Eleven years later, the legacy of SARS can still be seen every day in Hong Kong. Many residents don surgical masks at the first signs of a common cold; disinfecta­nt dispensers are dotted around buildings, and signs next to elevator buttons boast of hourly sterilizat­ion.

Hong Kong hospitals now feature emergency isolation rooms, while travelers must pass through temperatur­e scanners at the borders.

Taking no chances in one of the world’s most densely-populated cities, authoritie­s set up a government body to coordinate the response to similar crises in the future. Since then, Asia’s mechanisms for dealing with infectious disease have been tested several times.

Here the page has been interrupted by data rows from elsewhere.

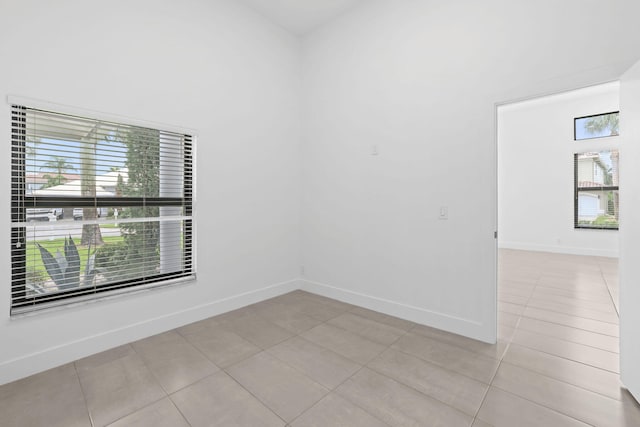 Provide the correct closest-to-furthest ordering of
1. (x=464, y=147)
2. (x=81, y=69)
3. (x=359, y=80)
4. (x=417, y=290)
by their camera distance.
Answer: (x=81, y=69), (x=464, y=147), (x=417, y=290), (x=359, y=80)

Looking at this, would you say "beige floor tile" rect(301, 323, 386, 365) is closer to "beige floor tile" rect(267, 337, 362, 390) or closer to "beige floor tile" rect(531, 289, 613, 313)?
"beige floor tile" rect(267, 337, 362, 390)

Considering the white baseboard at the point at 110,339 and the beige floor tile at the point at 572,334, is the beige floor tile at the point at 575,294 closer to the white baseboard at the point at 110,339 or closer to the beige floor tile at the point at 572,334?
the beige floor tile at the point at 572,334

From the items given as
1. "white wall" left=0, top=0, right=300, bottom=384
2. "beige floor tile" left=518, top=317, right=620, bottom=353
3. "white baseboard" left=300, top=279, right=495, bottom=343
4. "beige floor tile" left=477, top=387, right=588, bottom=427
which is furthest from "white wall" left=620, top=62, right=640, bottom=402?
"white wall" left=0, top=0, right=300, bottom=384

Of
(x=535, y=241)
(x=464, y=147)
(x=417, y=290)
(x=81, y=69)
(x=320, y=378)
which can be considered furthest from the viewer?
(x=535, y=241)

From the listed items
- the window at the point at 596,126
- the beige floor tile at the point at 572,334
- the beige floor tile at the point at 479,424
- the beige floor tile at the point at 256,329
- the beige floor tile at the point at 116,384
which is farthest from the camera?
the window at the point at 596,126

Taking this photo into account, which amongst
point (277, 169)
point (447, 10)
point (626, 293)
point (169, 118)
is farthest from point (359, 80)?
point (626, 293)

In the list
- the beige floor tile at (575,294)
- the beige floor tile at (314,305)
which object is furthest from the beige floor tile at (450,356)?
the beige floor tile at (575,294)

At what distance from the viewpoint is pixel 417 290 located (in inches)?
125

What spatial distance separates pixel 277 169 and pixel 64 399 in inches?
117

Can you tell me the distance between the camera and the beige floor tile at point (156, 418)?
67.4 inches

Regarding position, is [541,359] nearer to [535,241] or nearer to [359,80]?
[359,80]

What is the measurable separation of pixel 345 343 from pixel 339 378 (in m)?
0.54

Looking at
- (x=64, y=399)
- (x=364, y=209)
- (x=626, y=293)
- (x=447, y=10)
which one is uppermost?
(x=447, y=10)

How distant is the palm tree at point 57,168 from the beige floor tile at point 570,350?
4.19 meters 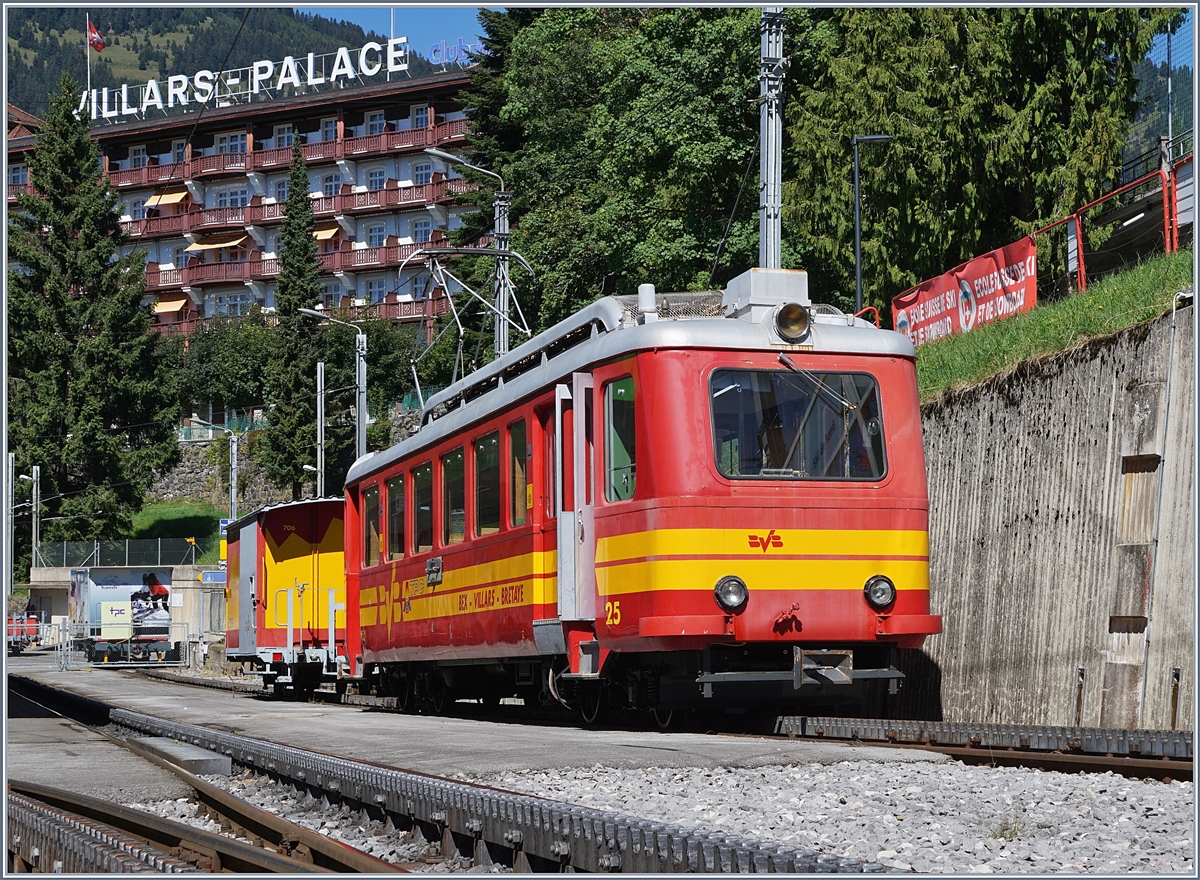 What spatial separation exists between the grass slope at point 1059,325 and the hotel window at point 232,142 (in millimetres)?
84529

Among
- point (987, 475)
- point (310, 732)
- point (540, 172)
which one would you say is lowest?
point (310, 732)

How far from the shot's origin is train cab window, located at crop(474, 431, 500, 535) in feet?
51.1

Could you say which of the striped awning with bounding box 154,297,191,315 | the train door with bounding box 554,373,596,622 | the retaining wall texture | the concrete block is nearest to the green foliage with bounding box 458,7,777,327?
the retaining wall texture

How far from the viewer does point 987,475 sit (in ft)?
54.7

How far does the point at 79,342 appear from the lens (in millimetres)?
79688

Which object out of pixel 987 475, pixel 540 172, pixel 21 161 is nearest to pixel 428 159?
pixel 21 161

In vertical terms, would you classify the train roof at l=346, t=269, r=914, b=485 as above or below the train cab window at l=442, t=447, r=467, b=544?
above

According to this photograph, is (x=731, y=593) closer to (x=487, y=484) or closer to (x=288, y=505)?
(x=487, y=484)

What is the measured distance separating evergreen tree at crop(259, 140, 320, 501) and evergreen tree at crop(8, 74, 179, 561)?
22.8 feet

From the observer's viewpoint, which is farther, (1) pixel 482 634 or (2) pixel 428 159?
(2) pixel 428 159

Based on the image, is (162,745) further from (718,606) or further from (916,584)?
(916,584)

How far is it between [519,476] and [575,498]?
135 centimetres

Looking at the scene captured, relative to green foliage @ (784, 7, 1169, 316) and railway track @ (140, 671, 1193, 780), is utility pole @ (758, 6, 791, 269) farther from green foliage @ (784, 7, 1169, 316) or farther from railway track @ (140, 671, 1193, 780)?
green foliage @ (784, 7, 1169, 316)

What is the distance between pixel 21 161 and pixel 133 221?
496 inches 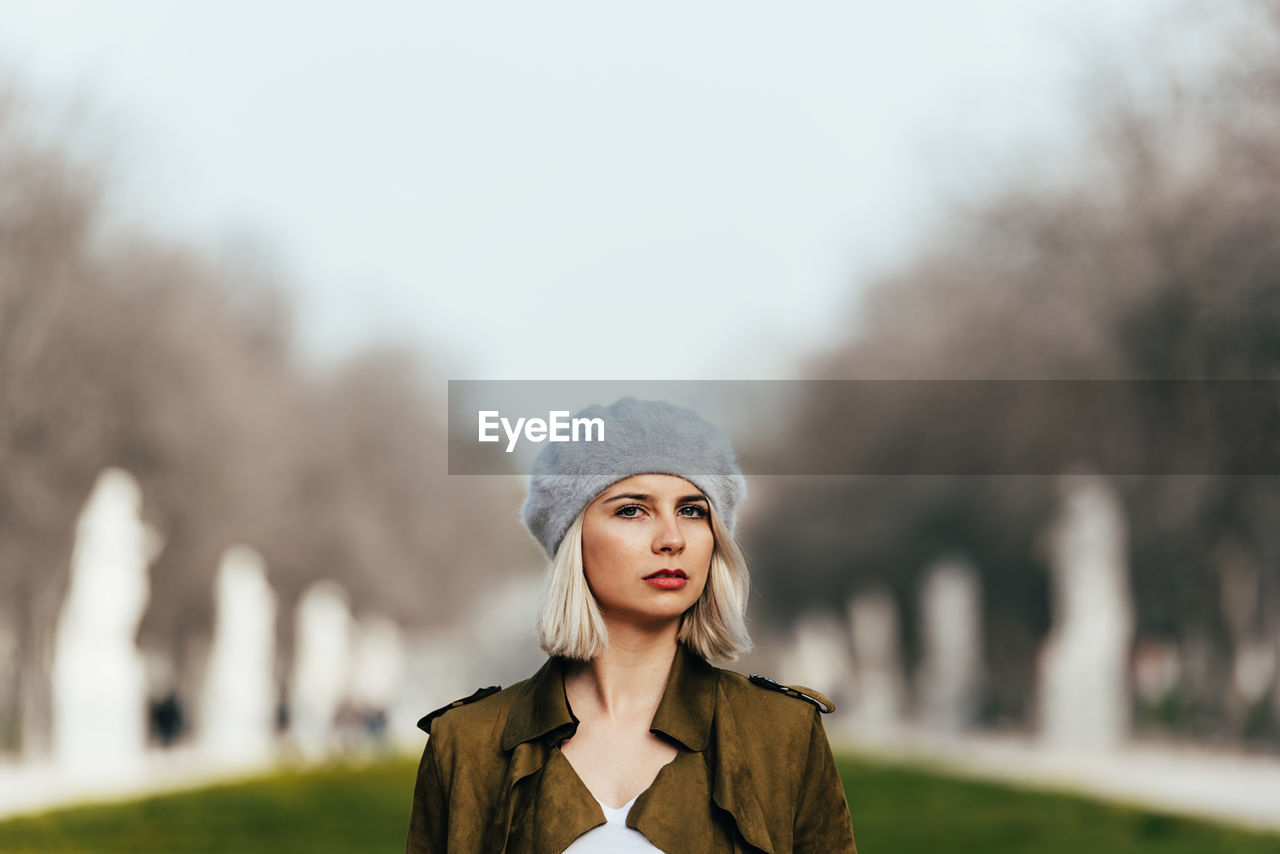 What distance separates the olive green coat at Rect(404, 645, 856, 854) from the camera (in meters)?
3.41

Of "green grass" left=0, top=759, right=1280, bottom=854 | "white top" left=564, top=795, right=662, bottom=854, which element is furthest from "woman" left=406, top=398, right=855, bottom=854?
"green grass" left=0, top=759, right=1280, bottom=854

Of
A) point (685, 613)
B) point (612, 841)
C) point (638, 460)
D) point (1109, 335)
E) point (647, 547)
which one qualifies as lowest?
point (612, 841)

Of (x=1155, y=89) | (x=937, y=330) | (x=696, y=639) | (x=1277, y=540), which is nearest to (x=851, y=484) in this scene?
(x=937, y=330)

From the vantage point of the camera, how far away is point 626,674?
361cm

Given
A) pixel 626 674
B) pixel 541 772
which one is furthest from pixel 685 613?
pixel 541 772

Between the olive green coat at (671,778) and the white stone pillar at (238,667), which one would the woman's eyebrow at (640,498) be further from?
the white stone pillar at (238,667)

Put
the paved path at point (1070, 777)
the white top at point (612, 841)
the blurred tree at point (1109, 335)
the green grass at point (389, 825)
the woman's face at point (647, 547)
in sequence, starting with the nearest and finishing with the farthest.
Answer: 1. the white top at point (612, 841)
2. the woman's face at point (647, 547)
3. the green grass at point (389, 825)
4. the blurred tree at point (1109, 335)
5. the paved path at point (1070, 777)

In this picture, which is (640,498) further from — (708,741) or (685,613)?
(708,741)

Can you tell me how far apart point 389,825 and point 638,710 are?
721 inches

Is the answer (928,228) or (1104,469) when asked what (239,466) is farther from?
(1104,469)

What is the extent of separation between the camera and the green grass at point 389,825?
1827cm

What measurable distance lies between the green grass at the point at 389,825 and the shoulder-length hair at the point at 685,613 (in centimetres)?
1398

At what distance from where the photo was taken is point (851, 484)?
48688 millimetres

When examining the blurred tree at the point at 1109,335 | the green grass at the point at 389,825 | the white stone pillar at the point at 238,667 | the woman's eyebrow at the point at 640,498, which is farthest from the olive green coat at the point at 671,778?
the white stone pillar at the point at 238,667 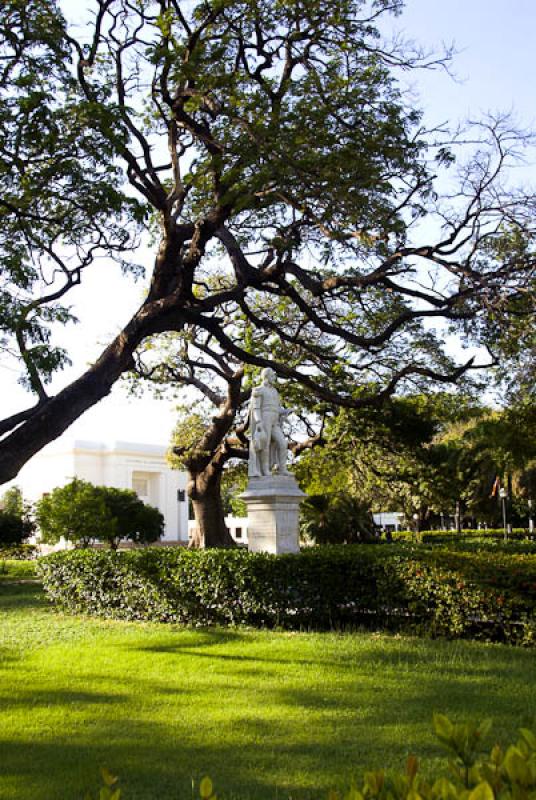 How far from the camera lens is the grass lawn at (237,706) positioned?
15.9 feet

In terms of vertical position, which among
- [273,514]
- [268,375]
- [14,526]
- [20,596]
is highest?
[268,375]

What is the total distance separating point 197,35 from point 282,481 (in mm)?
6782

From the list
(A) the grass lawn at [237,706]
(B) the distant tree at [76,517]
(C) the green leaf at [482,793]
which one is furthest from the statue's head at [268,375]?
(C) the green leaf at [482,793]

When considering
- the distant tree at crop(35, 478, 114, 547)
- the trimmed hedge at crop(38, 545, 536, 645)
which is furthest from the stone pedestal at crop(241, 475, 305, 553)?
the distant tree at crop(35, 478, 114, 547)

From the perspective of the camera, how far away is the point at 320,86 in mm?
10898

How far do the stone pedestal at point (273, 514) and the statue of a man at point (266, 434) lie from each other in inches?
15.0

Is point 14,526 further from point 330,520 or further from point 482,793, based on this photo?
point 482,793

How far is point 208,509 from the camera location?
20.1 metres

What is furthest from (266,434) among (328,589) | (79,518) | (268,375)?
(79,518)

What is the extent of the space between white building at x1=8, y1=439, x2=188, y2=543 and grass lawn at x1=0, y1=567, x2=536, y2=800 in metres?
45.7

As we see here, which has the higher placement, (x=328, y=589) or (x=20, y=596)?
(x=328, y=589)

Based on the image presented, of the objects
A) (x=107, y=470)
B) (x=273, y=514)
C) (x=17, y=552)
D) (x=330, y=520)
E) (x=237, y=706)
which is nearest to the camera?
(x=237, y=706)

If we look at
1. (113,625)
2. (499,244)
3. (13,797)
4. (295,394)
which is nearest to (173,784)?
(13,797)

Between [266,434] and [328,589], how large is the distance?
3608 millimetres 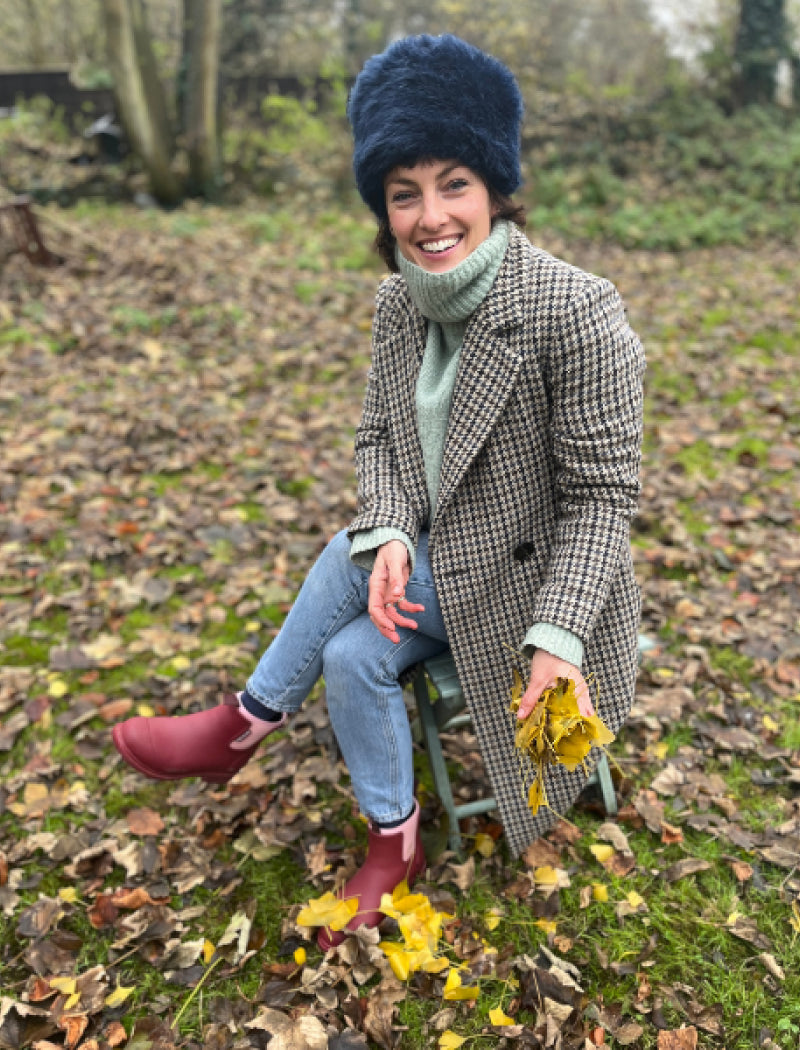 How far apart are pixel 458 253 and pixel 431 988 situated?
183 cm

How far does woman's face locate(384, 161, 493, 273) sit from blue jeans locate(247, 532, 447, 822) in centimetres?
75

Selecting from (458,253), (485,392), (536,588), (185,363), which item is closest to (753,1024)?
(536,588)

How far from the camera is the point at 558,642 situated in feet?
6.05

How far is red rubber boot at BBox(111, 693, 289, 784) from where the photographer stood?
89.9 inches

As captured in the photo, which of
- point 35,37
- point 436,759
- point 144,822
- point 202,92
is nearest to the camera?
point 436,759

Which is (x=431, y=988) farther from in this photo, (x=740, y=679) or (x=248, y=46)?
(x=248, y=46)

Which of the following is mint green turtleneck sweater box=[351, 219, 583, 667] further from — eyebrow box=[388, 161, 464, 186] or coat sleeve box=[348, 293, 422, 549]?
eyebrow box=[388, 161, 464, 186]

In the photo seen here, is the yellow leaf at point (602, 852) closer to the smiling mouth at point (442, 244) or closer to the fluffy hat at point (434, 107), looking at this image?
the smiling mouth at point (442, 244)

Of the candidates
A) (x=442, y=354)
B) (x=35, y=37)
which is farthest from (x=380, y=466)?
(x=35, y=37)

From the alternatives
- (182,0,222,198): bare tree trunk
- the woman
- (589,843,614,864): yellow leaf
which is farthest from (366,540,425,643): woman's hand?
(182,0,222,198): bare tree trunk

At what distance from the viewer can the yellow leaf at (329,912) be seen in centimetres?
212

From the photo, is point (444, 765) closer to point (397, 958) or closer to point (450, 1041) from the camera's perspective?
point (397, 958)

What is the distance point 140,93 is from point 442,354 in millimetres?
9421

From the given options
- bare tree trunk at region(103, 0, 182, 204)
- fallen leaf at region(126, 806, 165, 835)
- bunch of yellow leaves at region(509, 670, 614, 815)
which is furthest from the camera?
bare tree trunk at region(103, 0, 182, 204) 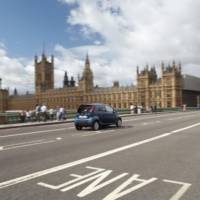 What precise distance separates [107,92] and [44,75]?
4423 cm

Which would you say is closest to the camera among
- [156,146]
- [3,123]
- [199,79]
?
[156,146]

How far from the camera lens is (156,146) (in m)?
12.6

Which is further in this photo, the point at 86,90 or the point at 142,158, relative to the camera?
the point at 86,90

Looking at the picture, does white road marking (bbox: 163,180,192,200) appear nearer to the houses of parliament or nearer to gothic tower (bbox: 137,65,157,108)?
the houses of parliament

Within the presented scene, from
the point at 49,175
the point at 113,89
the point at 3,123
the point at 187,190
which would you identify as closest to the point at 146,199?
the point at 187,190

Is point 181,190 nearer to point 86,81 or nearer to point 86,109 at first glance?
point 86,109

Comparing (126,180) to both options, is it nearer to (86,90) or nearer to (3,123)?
(3,123)

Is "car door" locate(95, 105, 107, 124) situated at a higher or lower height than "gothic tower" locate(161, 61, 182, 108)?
lower

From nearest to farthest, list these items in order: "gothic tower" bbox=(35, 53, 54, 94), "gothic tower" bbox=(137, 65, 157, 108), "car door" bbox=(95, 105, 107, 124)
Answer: "car door" bbox=(95, 105, 107, 124) < "gothic tower" bbox=(137, 65, 157, 108) < "gothic tower" bbox=(35, 53, 54, 94)

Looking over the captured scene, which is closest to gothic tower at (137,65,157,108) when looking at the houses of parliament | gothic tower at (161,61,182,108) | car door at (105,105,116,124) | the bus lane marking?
the houses of parliament

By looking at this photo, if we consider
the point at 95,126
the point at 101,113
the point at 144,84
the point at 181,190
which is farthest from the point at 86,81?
the point at 181,190

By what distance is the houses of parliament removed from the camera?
12419 centimetres

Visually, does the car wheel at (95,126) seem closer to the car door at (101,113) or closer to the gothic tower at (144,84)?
the car door at (101,113)

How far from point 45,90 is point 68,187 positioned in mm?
169562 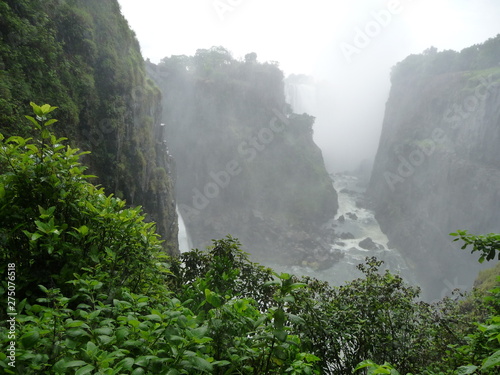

Experts say the experience of dealing with these viruses stands Asia in generally good stead should it face an outbreak of Ebola, which has yet to make it to the continent. The tropical virus has claimed almost 5,000 lives so far, the vast majority of them in West Africa.

Quarantine drills have been held from China and Hong Kong to Singapore and the Philippine­s, while many Asian countries have tightened airport screening processes. Experts stress some nations are better positioned than others to deal with an outbreak, and warn that no detection system is foolproof. Ebola does not always manifest itself in the form of a fever, for instance — so someone carrying the virus could pass undetected through even the most high-tech of airport temperatur­e scanners. Experts have pointed to China as potentiall­y vulnerable to an Ebola outbreak. Beijing has massively expanded its diplomatic and commercial efforts in Africa in recent years, seeking resources to drive its economy. Now Africa’s largest trading partner, thousands of workers travel between the two every year.

Malik Peiris, a Hong Kong-based expert who played a key role in identifyin­g SARS, highlighte­d the cities of Beijing, Wuhan and Guangzhou as key destinatio­ns for West African business travelers.

China was heavily criticized for its initial response to the SARS outbreak, accused of covering up reported infections. But Peiris said Chinese authoritie­s learned from SARS that transparen­cy is key when it comes to a public health scare.